A one-pan dish, but you won't want to skip the sides. Make with red onions and cilantro in lemon juice, pita bread and yogurt sauce, and pomegranates, grapes, or maybe fried eggplant. 

Ingredients

  • 18 chicken thighs
  • 32 oz full fat yogurt, preferably Greek
  • 4 Tbsp lemon juice
  • 3 Tbsp cumin, divided
  • 4-6 cans chickpeas
  • olive oil
  • salt and pepper
  • 2 red onions, sliced thinly

For garnishes:

  • 2 red onions sliced thinly
  • lemon juice
  • salt and pepper
  • a bunch fresh cilantro, chopped
  • 32 oz Greek yogurt for dipping sauce
  • 3 cloves garlic, minced or crushed

Instructions

  1. Make the marinade early in the day or the night before. Mix full fat Greek yogurt and with lemon juice, four tablespoons of water, and two tablespoons of cumin, and mix this marinade up with chicken parts, thighs or wings. Marinate several hours. 

    About an hour before dinner, preheat the oven to 425.

    Drain and rinse four or five 15-oz cans of chickpeas and mix them up with a few glugs of olive oil, the remaining tablespoon of cumin, salt and pepper, and two large red onions sliced thin.

    Spread the seasoned chickpeas in a single layer on two large sheet pans, then make room among the chickpeas for the marinated chicken (shake or scrape the extra marinade off the chicken if it’s too gloppy). Then it goes in the oven for almost an hour. That’s it for the main part.

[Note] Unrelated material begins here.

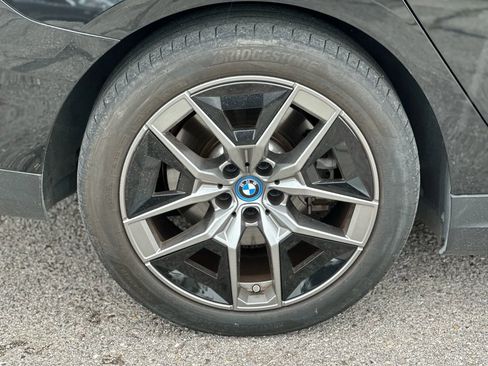 Used 2024 BMW i5 eDrive40i image 26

    The chickpeas and the onions may start to blacken a bit, and this is a-ok. You want the chickpeas to be crunchy, and the skin of the chicken to be a deep golden brown, and crisp. The top pan was done first, and then I moved the other one up to finish browning as we started to eat. Sometimes when I make this, I put the chickpeas back in the oven after we start eating, so some of them get crunchy and nutty all the way through.

Garnishes:

  1. While the chicken is cooking, you prepare your three garnishes:

     -Chop up some cilantro for sprinkling if people like.

     -Slice another two red onions nice and thin, and mix them in a dish with a few glugs of lemon juice and salt and pepper and more cilantro. 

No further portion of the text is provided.